At the tactical level, the MAGTF commander designates components of the aviation combat element (ACE) as the initial main effort, as he plans to put the launchers on an island with beaches unsuitable for landing heavy equipment. Marine Corps infantry support the ACE by conducting raids on enemy air defenses, disabling them, and consolidating elsewhere on land to create a fledgling EAB. Aircraft then deliver the launchers, and the tactical main effort shifts to the infantry maneuvering on the island in support of the EAB.
Ground-based observers using drones spot the enemy fleet over the horizon and transmit an antiship missile call for fire without using national strategic-level assets. The local fires commander goes ashore as the bid for success at the campaign level; he has approval authority to fire on the enemy fleet, shortening the kill chain. He does so, sending the surviving enemy ships in a mad dash to exit the weapon-engagement zone and right into follow-on naval maneuver by the friendly fleet.
This is a best-case scenario, written without consideration of enemy actions and the ever-present friction of war. While this does not make it null and void, reality will not be so easy.
Of note, this is not an argument for relegation of the infantry. In fact, the batteries that go ashore on EABs should be hybrid cannon-missile batteries, able to transition to traditional fire support to better support infantry engaged with the enemy on the ground. It is merely an argument for a more fluid MAGTF with more options for bringing force to bear on an enemy. Some deployed MAGTFs have experimented with similar ideas in recent years, designating parts of either the logistics combat element (LCE) or ACE as main efforts; however, a disconnect exists between those few instances and service-level training. That is a dangerous disconnect. Innovation should be continual and from everywhere, but Marines should practice things before they must do them in combat.

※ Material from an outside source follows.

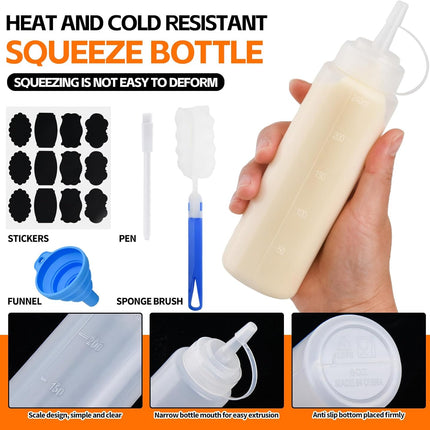 4 Pcs 8 oz Condiment Squeeze Bottles for Sauce, Plastic Squeeze Bottles, Squirt Bottle Oil Container Dispenser for Ketchup, Sauce, BBQ, Grilling, Salad Dressing, Honey,Paint and Craft.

The capabilities of the future MAGTF make the Marine Corps well suited to contribute significantly to the joint force’s conduct of the next naval war. The only limit is doctrinal, but the doctrine in question allows for much more than the status quo. It is up to the Marine Corps to determine how much it contributes to a future naval campaign; recent force design has the potential to make the service’s role more significant.